Les marchés financiers sont agités par la question de l'éventuelle hausse de son taux directeur par la FED, dont on ne sait même pas avec certitude quel impact elle aurait si elle intervenait prochainement !

La hausse du dollar, la chute des prix du pétrole, de l'or et des principales matières premières, la faiblesse persistante de l'économie US et du pouvoir d'achat de la majorité des américains, donc de la communauté domestique,( mais surtout la chute ininterrompue de la vitesse de circulation de la monnaie et du multiplicateur de crédit déjà évoquée à de nombreuses reprises...) et la hausse du déficit commercial,( en dépit d'une amélioration relative du niveau de l'emploi) , du relèvement de certains salaires et de la hausse ces dernières années du marché d'actions aux US, tout cela dresse un panorama déflationniste et récessionniste de l'économie US ne plaidant absolument pas pour une hausse prochaine de son taux directeur par la FED.

Alors pourquoi agirait-elle ainsi ?

Quatre hypothèses sont à envisager : 1/ Parce qu'elle craint une inflation qu'elle veut contrôler avant qu'elle ne se produise, 2/ Parce qu'elle veut ralentir la bulle des actions avant qu'elle devienne incontrôlable et se termine par un krach, 3/ Parce qu'elle veut se redonner des moyens de stimulation qu'elle n'a plus pour le cas où une nouvelle récession internviendrait, 4/ Pour satisfaire l'énorme pression des banques, compagnies d'assurance et fonds de pension US dont la rentabilité est tombée très bas, en raison du taux directeur à zéro, ce qui dégrade fortement leurs marges (sur les prêts étudiants, particuliers, automobile et immobilier qui constituent l'essentiel de leurs engagements), et donc leurs bilans.
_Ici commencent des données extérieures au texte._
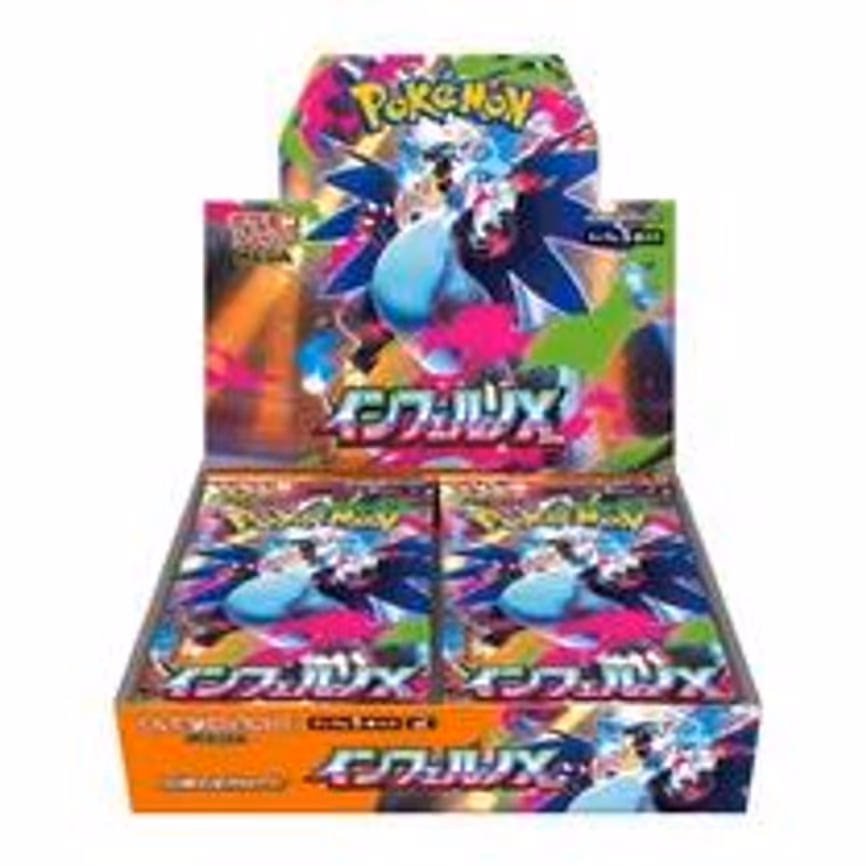 Inferno X Booster Box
Il semble que ce serait la 4ème hypothèse qui serait la bonne, étant donné que la FED est au service des grandes banques "Too Big To Fall" - TBTF - (qui en sont les actionnaires et qui emploient ses anciens dirigeants aussitôt qu'ils quittent leurs postes à la FED) donc de Wall Street et non pas de "Main Street". D'autant qu'en relevant son taux directeur le blason de la FED serait, pense-t-elle, redoré puisqu'elle pourrait argumenter que le début de normalisation de sa politique monétaire en matière de taux courts montrerait que son action a été couronnée de succès étant donné qu'elle commencerait à y mettre un terme. (Le même argument fallacieux ayant été employé par elle lors de l'arrêt de son QE3..!).

La question est : La FED va-t-elle commettre la même erreur qu'en 1937 ?
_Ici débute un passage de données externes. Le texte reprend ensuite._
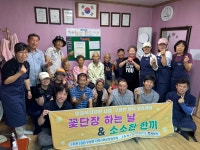 김천 구성면 지사협, 맞춤형 복지케어 미용봉사 활동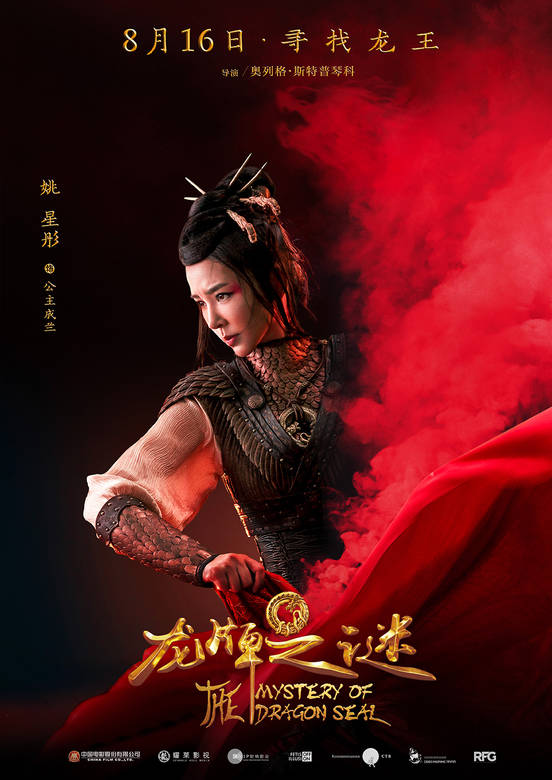 龍牌之謎(中國遊記（2015年中俄合拍電影）)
Lorsqu'elle avait infléchi trop tôt sa politique monétaire laxiste d'alors, ce qui avait provoqué le retour de la dépression et un second krach boursier pareil à celui de 1929...! La réponse est probablement oui ,sans qu'elle puisse dire quand !!!  Tout simplement parce le rélèvement de son taux directeur entraînera une bien meilleure rémunération des énormes réserves en cash déposées par les banques TBTF auprès d'elle, les dissuaderait plus encore que maintenant de les investir dans l'économie réelle, de les prêter ou même d'acheter des obligations d' Etat US avec ce cash.

Ce qui ferait remonter les taux d'intérêt à moyen et long termes US, mais aussi allemands ou européens, et donc le dollar US contre la plupart des monnaies au moment où il ne le faut pas pour les grandes entreprises US qui perdent de plus en plus de marchés à l'extérieur...

Même si la situation de l'économie US ne le justifie pas, la FED devrait à la première occasion relever son taux directeur pour satisfaire les pressions des banques américaines TBTF dans ce sens, dont le lobby est tout puissant.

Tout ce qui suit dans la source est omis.